What play space do children need?
BanyolesEvery child inhabits an internal landscape made of images, memories, fears, and desires. It can't always be expressed in words; it is hinted at and manifested in play, in the way pieces are arranged, in the way a ball is kicked, or in the way a doll is cared for. Pediatrician and psychoanalyst Donald W. Winnicott, whom you may know for his concept of the "transitional object," described it as "the potential space."
It is the intermediate space that appears between the real world (what happens outside) and the child's fantasy (what they imagine inside). It is neither one nor the other, but a playground where they can freely mix both.
What it looks like in practice
- When he makes a little house out of a blanket and calls it a castle, he uses real objects, but fills them with fantasy and their own meaning.
- When one stuffed animal "cures" another: the real one (the stuffed animal) and the imaginary one (which acts as a doctor) coexist.

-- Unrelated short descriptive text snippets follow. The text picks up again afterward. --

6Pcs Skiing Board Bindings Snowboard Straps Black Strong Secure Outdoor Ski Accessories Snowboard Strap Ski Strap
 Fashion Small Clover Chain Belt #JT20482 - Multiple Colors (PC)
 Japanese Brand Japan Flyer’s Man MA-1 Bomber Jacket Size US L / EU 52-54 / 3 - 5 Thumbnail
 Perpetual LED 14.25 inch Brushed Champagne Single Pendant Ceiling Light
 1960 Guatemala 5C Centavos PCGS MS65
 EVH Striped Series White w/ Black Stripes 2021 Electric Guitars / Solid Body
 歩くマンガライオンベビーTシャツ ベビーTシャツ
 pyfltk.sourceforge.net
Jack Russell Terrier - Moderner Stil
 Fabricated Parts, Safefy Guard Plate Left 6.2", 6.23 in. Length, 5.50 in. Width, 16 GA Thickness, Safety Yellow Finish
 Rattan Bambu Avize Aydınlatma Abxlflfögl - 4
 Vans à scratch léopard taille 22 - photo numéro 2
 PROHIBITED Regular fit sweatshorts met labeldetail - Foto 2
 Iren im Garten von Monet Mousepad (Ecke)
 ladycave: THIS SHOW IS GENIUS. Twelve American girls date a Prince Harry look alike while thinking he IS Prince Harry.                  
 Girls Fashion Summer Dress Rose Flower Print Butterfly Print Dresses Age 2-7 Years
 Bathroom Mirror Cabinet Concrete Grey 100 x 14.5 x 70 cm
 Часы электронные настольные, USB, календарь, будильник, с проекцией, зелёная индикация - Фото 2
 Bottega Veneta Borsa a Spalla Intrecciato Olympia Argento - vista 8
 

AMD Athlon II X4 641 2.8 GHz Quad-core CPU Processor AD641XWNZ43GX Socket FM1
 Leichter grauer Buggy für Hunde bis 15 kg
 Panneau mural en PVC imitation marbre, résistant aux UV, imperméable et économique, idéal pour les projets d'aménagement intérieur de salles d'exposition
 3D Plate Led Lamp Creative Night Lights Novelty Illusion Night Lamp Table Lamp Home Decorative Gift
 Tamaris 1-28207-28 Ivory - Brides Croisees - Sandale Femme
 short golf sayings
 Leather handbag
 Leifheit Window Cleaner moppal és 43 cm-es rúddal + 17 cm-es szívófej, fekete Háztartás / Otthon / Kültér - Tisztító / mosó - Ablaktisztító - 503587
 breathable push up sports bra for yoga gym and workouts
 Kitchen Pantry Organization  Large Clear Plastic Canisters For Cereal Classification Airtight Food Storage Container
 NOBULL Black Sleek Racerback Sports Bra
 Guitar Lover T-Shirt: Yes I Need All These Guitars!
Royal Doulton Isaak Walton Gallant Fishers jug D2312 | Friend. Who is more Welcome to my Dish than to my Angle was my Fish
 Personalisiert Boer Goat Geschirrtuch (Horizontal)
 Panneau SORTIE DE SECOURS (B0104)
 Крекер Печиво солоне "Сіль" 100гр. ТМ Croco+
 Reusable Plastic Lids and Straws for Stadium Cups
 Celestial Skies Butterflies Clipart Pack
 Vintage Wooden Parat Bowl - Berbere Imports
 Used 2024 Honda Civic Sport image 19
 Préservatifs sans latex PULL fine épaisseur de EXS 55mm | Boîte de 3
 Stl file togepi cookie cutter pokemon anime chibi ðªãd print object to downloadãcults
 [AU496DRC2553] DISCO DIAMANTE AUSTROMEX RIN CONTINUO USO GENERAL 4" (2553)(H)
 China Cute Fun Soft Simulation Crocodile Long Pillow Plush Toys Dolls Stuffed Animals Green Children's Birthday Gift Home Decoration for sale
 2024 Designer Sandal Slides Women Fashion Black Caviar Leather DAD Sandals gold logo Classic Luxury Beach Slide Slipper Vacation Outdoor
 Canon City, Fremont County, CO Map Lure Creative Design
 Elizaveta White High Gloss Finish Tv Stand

- When you draw something that has happened to you and transform it so that it "ends well."
When does it appear?
When children have the ability to imagine and transform objects and create images in their heads without physical support, they need a safe environment, with a non-intrusive adult, unhurried time, and loosely defined materials that allow them to play, create symbols, and elaborate on emotions.
Why is it important?
In this space, children explore who they are, put words and gestures to what they feel, practice solutions, and fill themselves with creativity. It's an intimate and valuable laboratory where reality and fantasy intermingle.
Without fantasy there is no reality
Einstein is often quoted: "If you want your child to be intelligent, read him stories; if you want him to be more intelligent, read him more stories." We add: there is more than one intelligence, and many of those that underpin everyday life, such as emotional, intrapersonal, and interpersonal, gain depth when childhood has been nurtured and lived with a good dose of fantasy.
The value of what is not seen
A child's failure to share everything they think isn't mistrust. According to Winnicott, "it is in play, and only in play, that the child feels free to be creative and discover themselves."Whatever your game, our task is to respect that intimate territory, to be available and to observe with curiosity, respect and without judgment.
Observation is careful and is the best way to say: "You can be who you are: this is a safe place, that's your base, the port where you can anchor yourself." We adults cannot forget that we made ourselves playing, in that space where we mixed what we carried inside and the world we shared with others.
*Winnicott (1896–1971), pediatrician and psychoanalyst, member of the British Psychoanalytical Society. Formulated the concepts of transitional object and transitional space/area, popularizing the idea of the pretty-good mother/father: a presence that supports without invading. In Playing and Reality He placed play as the axis of creativity and self-construction.